*EXERCISE AIM*:
Images appear in the records below; leave them out and repeat everything else exactly.

*GIVEN RECORDS*:
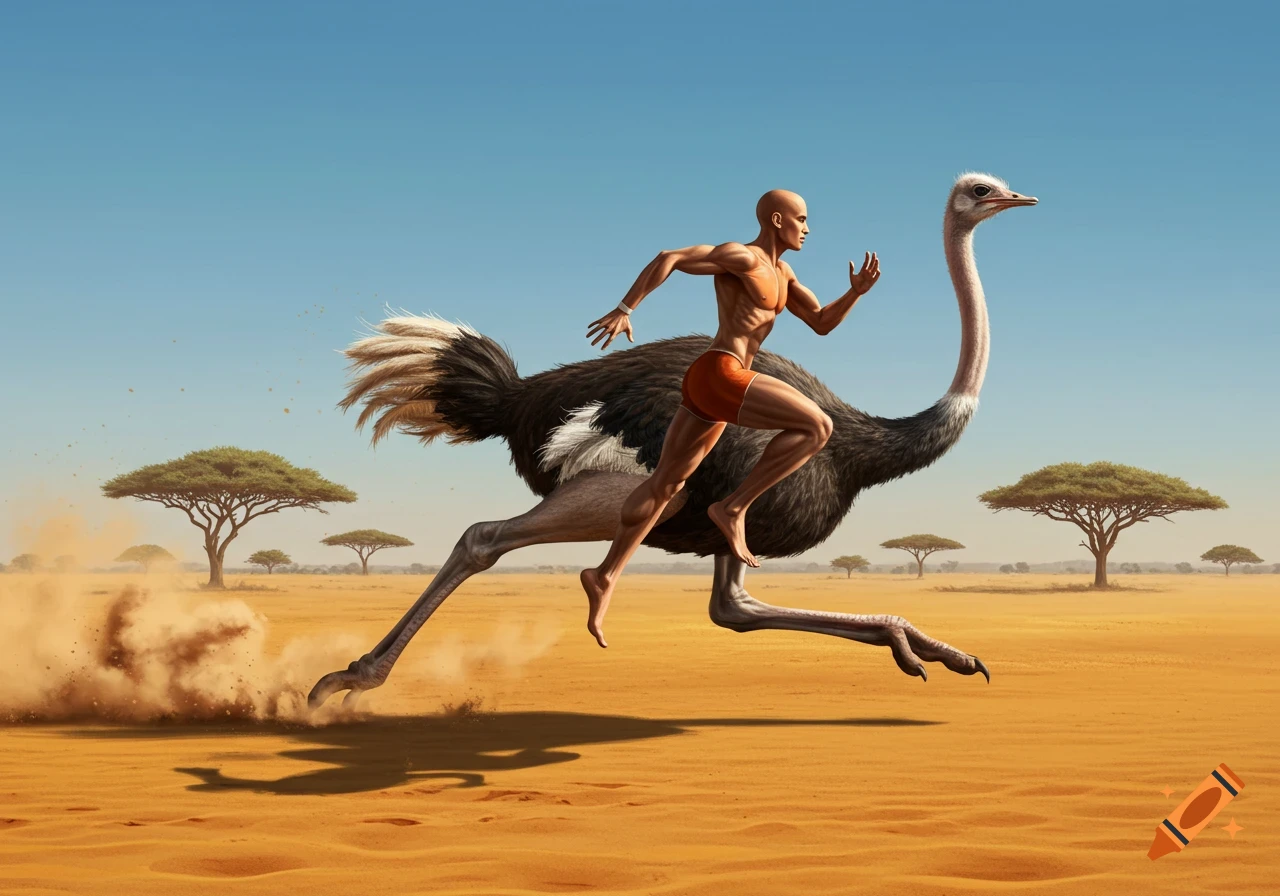A bald, muscular man in orange shorts runs in a desert, in perfect stride with an ostrich next to him. Acacia trees dot the sandy landscape under a clear blue sky.
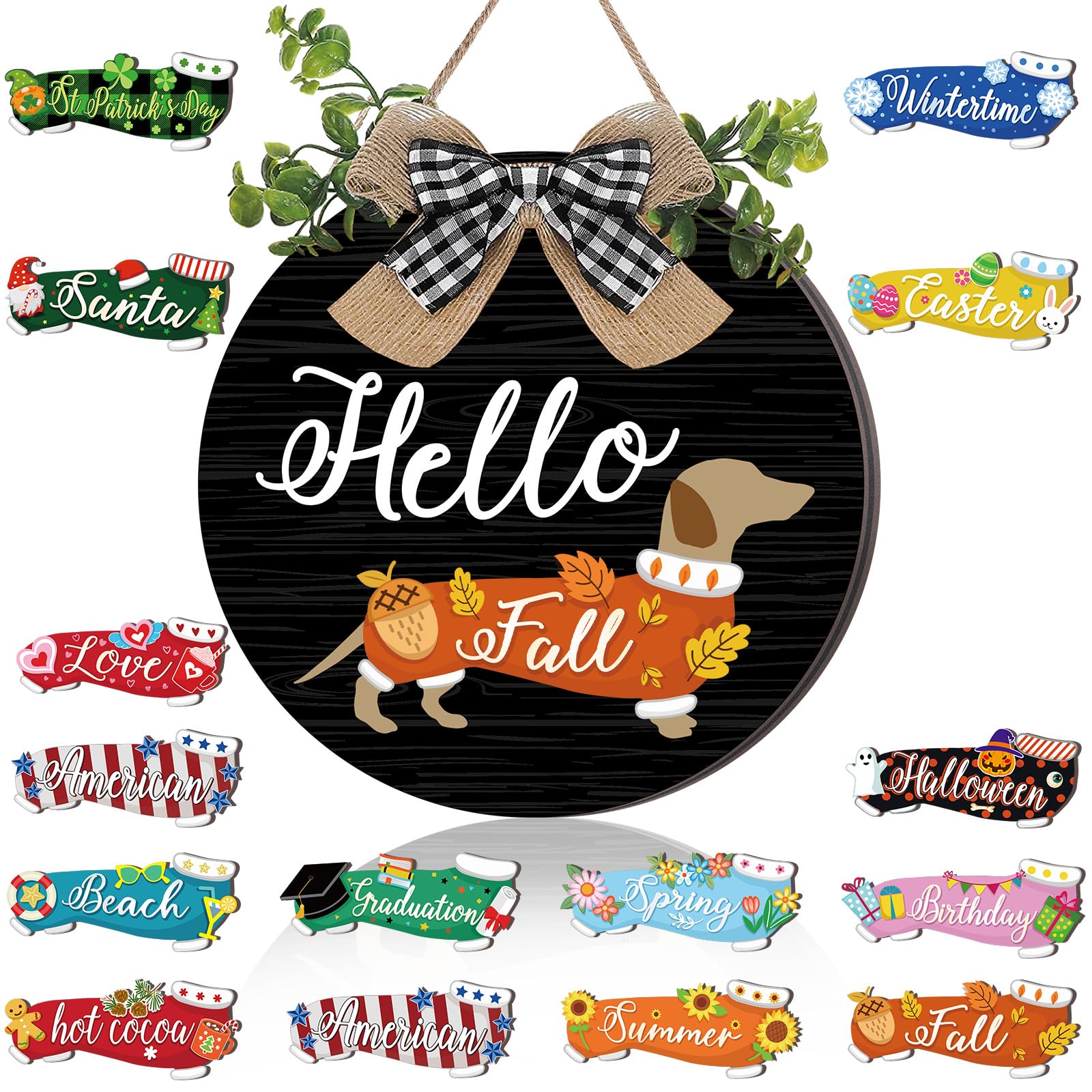 KHKFY 16 Pcs Interchangeable Dog Wooden Door Hanger Ornaments Rustic ...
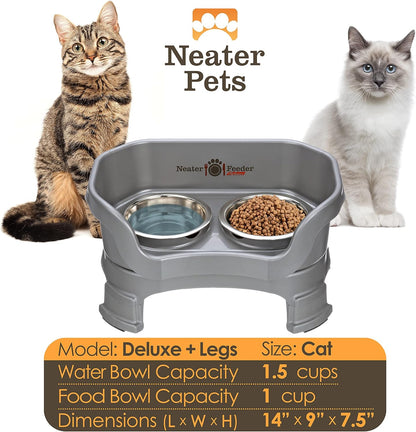 Neater Feeder Deluxe Mess Proof Cat Bowls Elevated for All Breeds – Made in USA – No Spill Raised Cat Bowls for Indoor Cats w/Leg Extensions – Stainless Steel Cat Food and Water Bowl Set - Grey
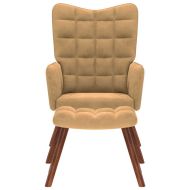 Релакс стол с табуретка Кафяв кадифе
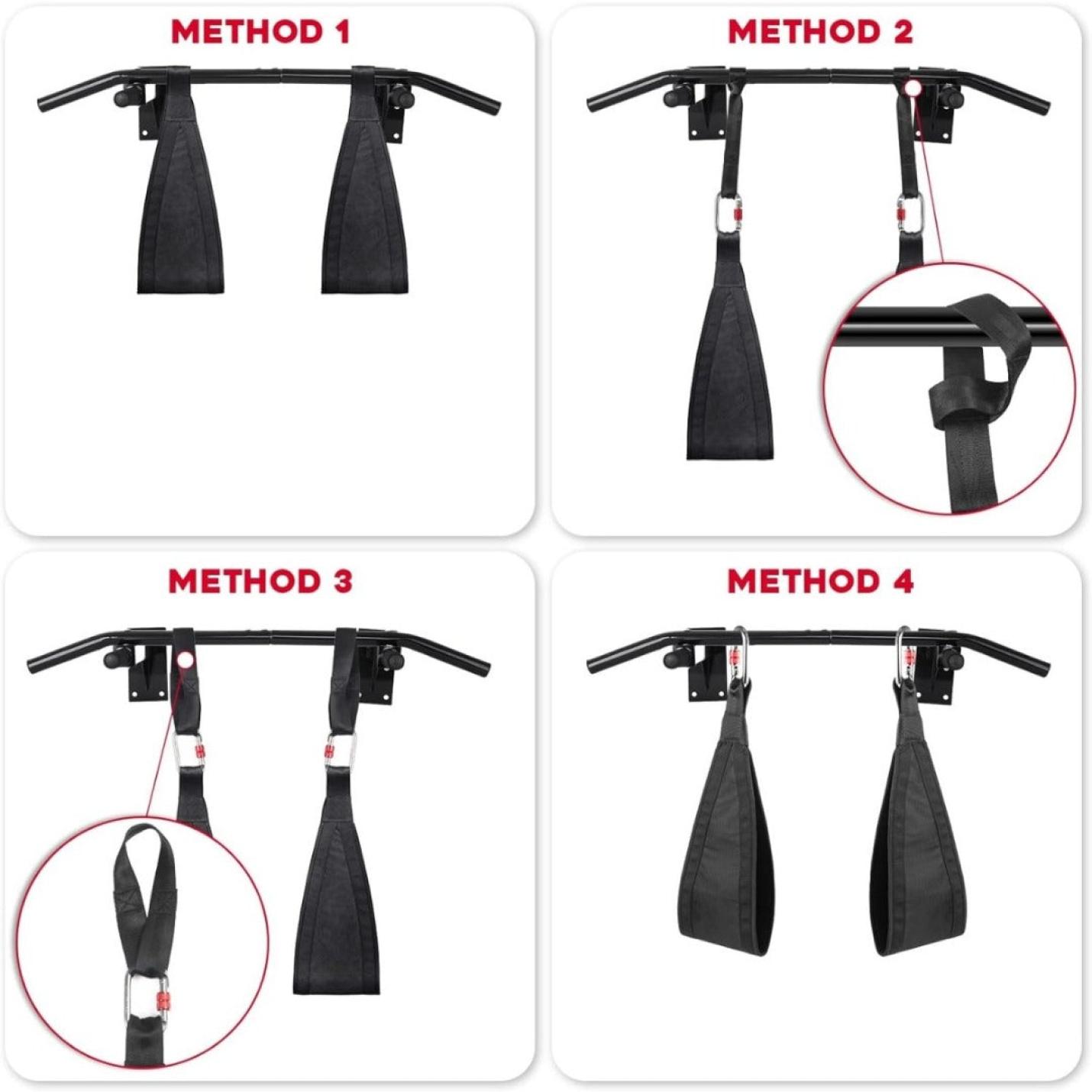 Vier voorbeeldmethoden voor het bevestigen van buikspierlussen aan een multifunctionele horizontale bar.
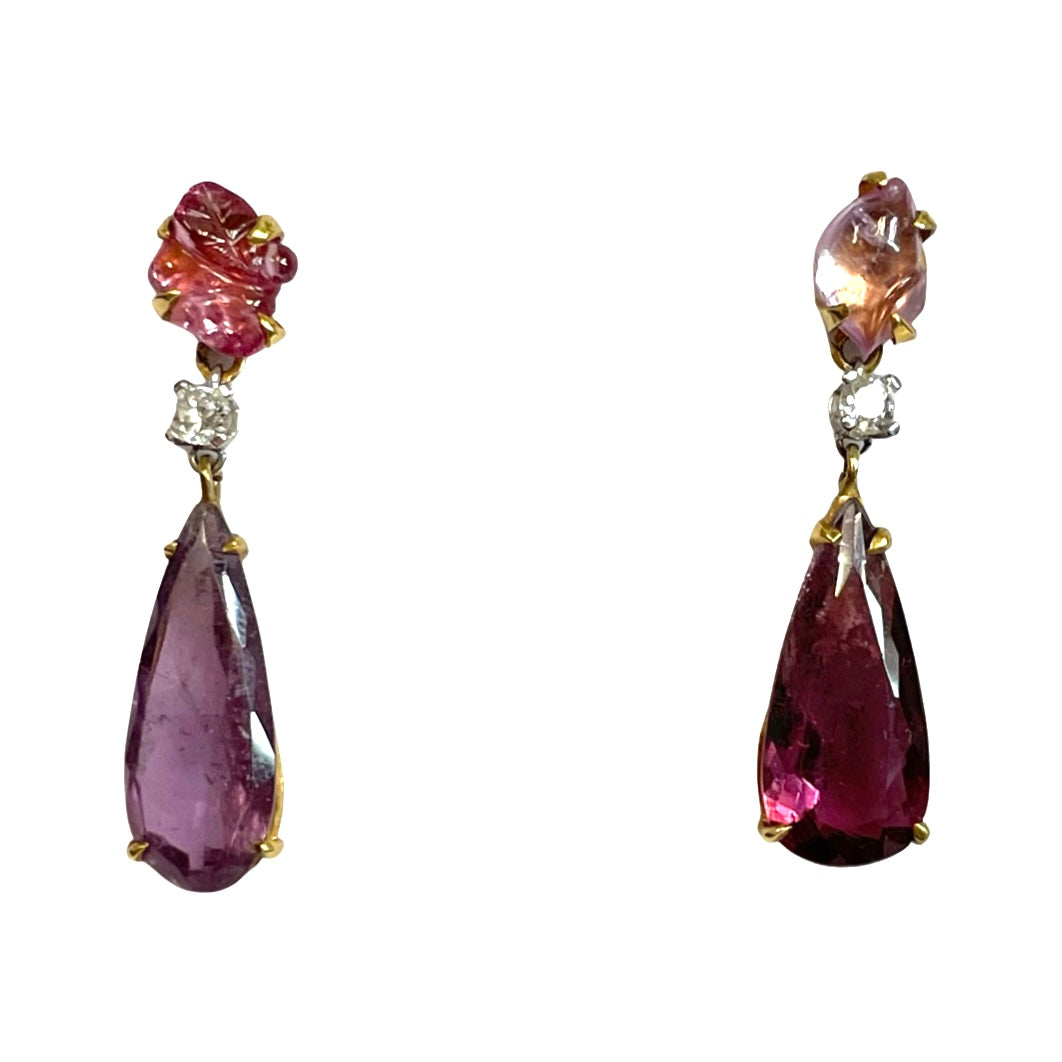 Spinel Tourmaline Long Earrings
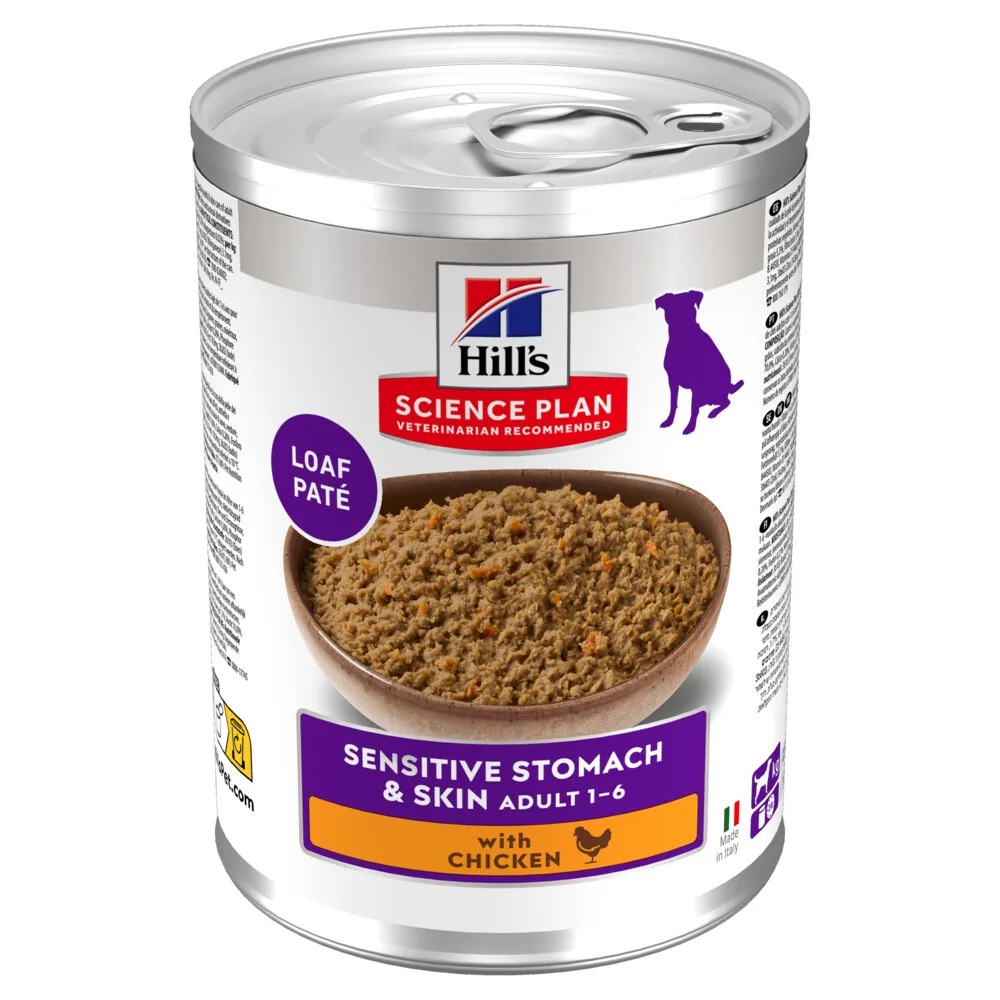 Hondenvoer Nat Adult Sensitive Stomach & Skin Kip & Groenten 12 x 370 gr by Hill's – product photo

*EXERCISE RESPONSE*:
A bald, muscular man in orange shorts runs in a desert, in perfect stride with an ostrich next to him. Acacia trees dot the sandy landscape under a clear blue sky.
 KHKFY 16 Pcs Interchangeable Dog Wooden Door Hanger Ornaments Rustic ...
 Neater Feeder Deluxe Mess Proof Cat Bowls Elevated for All Breeds – Made in USA – No Spill Raised Cat Bowls for Indoor Cats w/Leg Extensions – Stainless Steel Cat Food and Water Bowl Set - Grey
 Релакс стол с табуретка Кафяв кадифе
 Vier voorbeeldmethoden voor het bevestigen van buikspierlussen aan een multifunctionele horizontale bar.
 Spinel Tourmaline Long Earrings
 Hondenvoer Nat Adult Sensitive Stomach & Skin Kip & Groenten 12 x 370 gr by Hill's – product photo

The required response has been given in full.